Groups like The Fund, along with state and local partners, are tackling these water quality threats as they can.
For example, The Fund has a septic system upgrade matching grant program. The focus has been on Dunham’s Bay, which has been the site of some benthic algae blooms. So far, The Fund has invested $104,000 to help replace 14 septic systems, said Lake George Waterkeeper Chris Navitsky. The Fund’s Executive Director, Eric Siy, said that’s about 16 percent of the septic systems in Dunham’s Bay.
The Fund is also working with state and local officials to secure the $22 million needed for the village of Lake George’s new wastewater treatment plant. Siy said The Fund’s studies have shown the degrading plant to be the number one source of nitrate (a kind of nutrient) pollution in the lake. So far, about $7 million has been secured.
“This plant is scheduled to be replaced by 2021, and let me tell you, that will be a major cause for celebration,” Siy said.
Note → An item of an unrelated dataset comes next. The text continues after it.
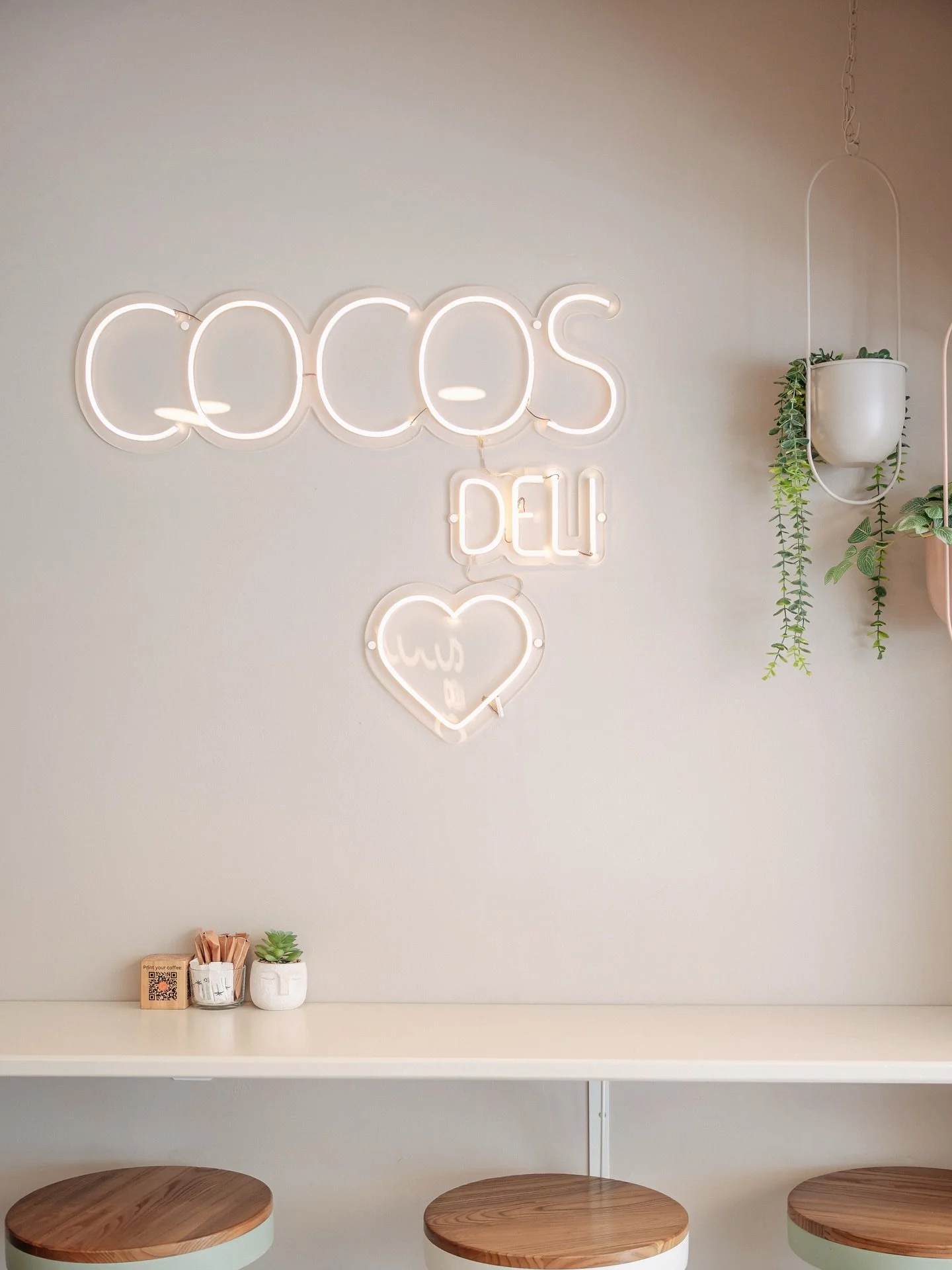 🇬🇧 coco&rsquo;s deli just had a mini facelift 💅🌸 we&rsquo;ve freshened up the space to make it more modern, aesthetic + picture-perfect for all your insta moments 💚📸 come see the new vibes, sip your matcha + snap away ✨

🇪🇸 coco&rsquo;s deli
The meeting’s keynote speaker, author and journalist Dan Egan, has written about water quality issues in the Great Lakes. Invasive species have plagued those water bodies, some of which are impacting Lake George, too. Zebra mussels and Asian clams, for example, have burrowed their way into the lake bottom. Boat washing stations are set up around the lake to keep vessels from transporting invasives from one water body to the next.
The Fund has also partnered with the IBM Corporation and Rensselaer Polytechnic Institute for The Jefferson Project, a kind of mapping and water quality monitoring system. John E. Kelly III, senior vice president of Cognitive Solutions and Research at IBM, explained that there are 52 platforms on the lake with over 500 sensors measuring over 300 million data points.
That data, combined with wind and weather patterns, can help scientists predict different water quality scenarios, Kelly said. It’s a developing project unlike any other in the world, and the three organizations hope by 2020 it can be replicated on other lakes.
The meeting showed that many are working hard to keep the lake clean. Besides protecting the staple attraction of a $2 billion tourism industry, protecting Lake George is a personal matter.
“We do it because Lake George is in our souls, as I know it is in yours,” Killeen said. “This lake has indeed cast a sweet spell on all of us. It refreshes us every day, even when we’re not here. It inspires us to never forget just how lucky we are to be here at Lake George. Our association with this lake really is a living legacy, for each of us, for our families and for generations yet to come.”